Skip to main content
Version: Next

Pipelines

Pipelines are where connected data becomes operational logic inside StreamPipes. They let you take one or more live streams, combine them with processors and sinks, and turn that flow into something useful: filtering, enrichment, alerting, routing, storage, or analytics. The pipeline module uses an extensible set of Extensions such as data processors and data sinks and lets users define stream processing logic based on live data streams.

What a pipeline is for​

A pipeline usually starts with a live stream, adds zero or more processing steps, and ends in one or more sinks. That sounds abstract at first, but in practice most pipelines serve straightforward industrial goals. A pipeline may keep only events above a threshold, enrich raw measurements with labels or derived values, forward selected events to another system, or persist curated results separately from the raw source data.

Use Case

A typical operational pipeline

A team receives machine temperature values as a live stream. They filter for high readings, enrich the event with a severity label, and send the result to both a notification sink and a persisted dataset. The pipeline is not an experiment; it is a maintained operational flow.

Understand the current pipeline workspace​

The pipeline feature is split across three places, and each one has a different job.

The Pipeline Editor is where you design or change the flow. The Pipeline Overview is where you operate many pipelines at once. The Pipeline Details view is where you inspect one pipeline more deeply, including its structure, status, metrics, logs, and code view.
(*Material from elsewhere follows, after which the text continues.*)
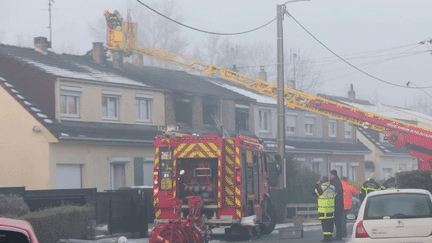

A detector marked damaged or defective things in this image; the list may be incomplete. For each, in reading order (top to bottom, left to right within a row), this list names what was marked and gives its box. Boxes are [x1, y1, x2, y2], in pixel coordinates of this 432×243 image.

fire-damaged window [175, 97, 192, 123]
fire-damaged window [202, 99, 218, 125]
This split is useful because it matches how people actually work. You usually build in the editor, operate from the overview, and investigate in the details view.

Pipeline Workspace

Pipeline Editor

Pipeline editor with element catalog, pipeline canvas, and save toolbar
The editor combines the element catalog, the assembly canvas, and validation-aware save actions in one guided workspace.

Build the pipeline from left to right​

The editor combines an element catalog on the left with the assembly canvas on the right. The catalog contains the installed streams, processors, and sinks that are available in the current StreamPipes installation.
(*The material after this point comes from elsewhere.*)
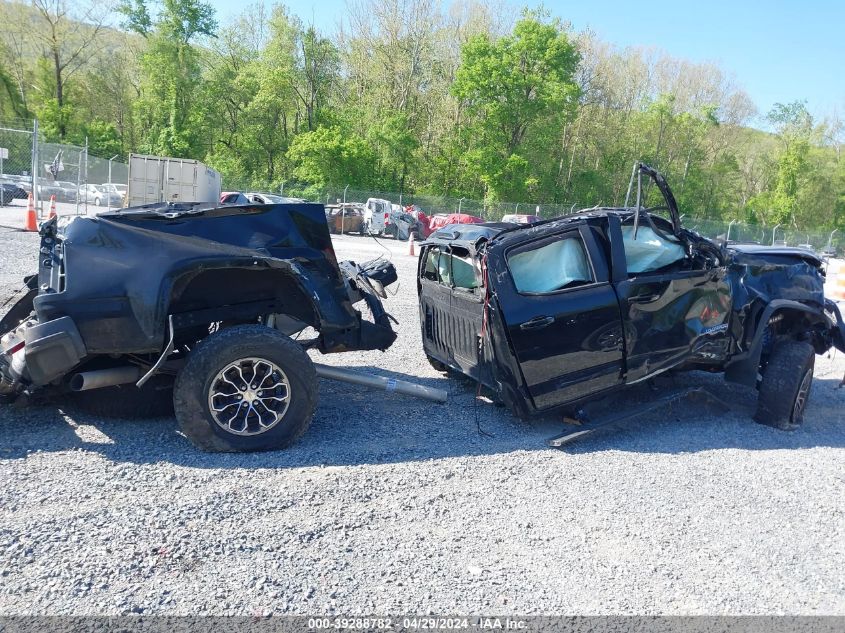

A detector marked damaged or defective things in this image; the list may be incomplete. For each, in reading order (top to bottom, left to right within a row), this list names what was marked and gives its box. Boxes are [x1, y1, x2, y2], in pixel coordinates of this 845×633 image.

wrecked black truck [0, 200, 400, 452]
crushed truck cab [418, 163, 844, 430]
wrecked black truck [418, 163, 844, 440]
Most pipelines are easiest to build from left to right. Start with the source stream, connect a processor or sink, and continue from there until the flow matches the use case.

1

Place the input stream

Start with the live stream that should feed the pipeline. This is the source that defines the first schema users will work with.

2

Add processors or sinks

Continue the flow by connecting processors and sinks that match the desired behavior, such as filtering, enrichment, storage, or notification.

3

Configure in context

Whenever a new element is connected, StreamPipes opens its configuration against the actual upstream schema so the user can map fields with confidence.

4

Validate before saving

Use preview and validation features while the pipeline is still in the editor so the final saved flow already reflects real live data behavior.

Elements can be added by dragging them from the catalog into the canvas or by using Add pipeline element in the toolbar. The toolbar also includes Add from template, which is useful when a team already has a standard pipeline fragment or a recurring structural pattern.

Let compatibility checks guide the design​

One of the most important usability features in the editor is that StreamPipes validates connections as you build. When you connect two elements, the platform checks whether the output of the first element is compatible with the input requirements of the second one. If the connection is valid, the configuration dialog opens immediately.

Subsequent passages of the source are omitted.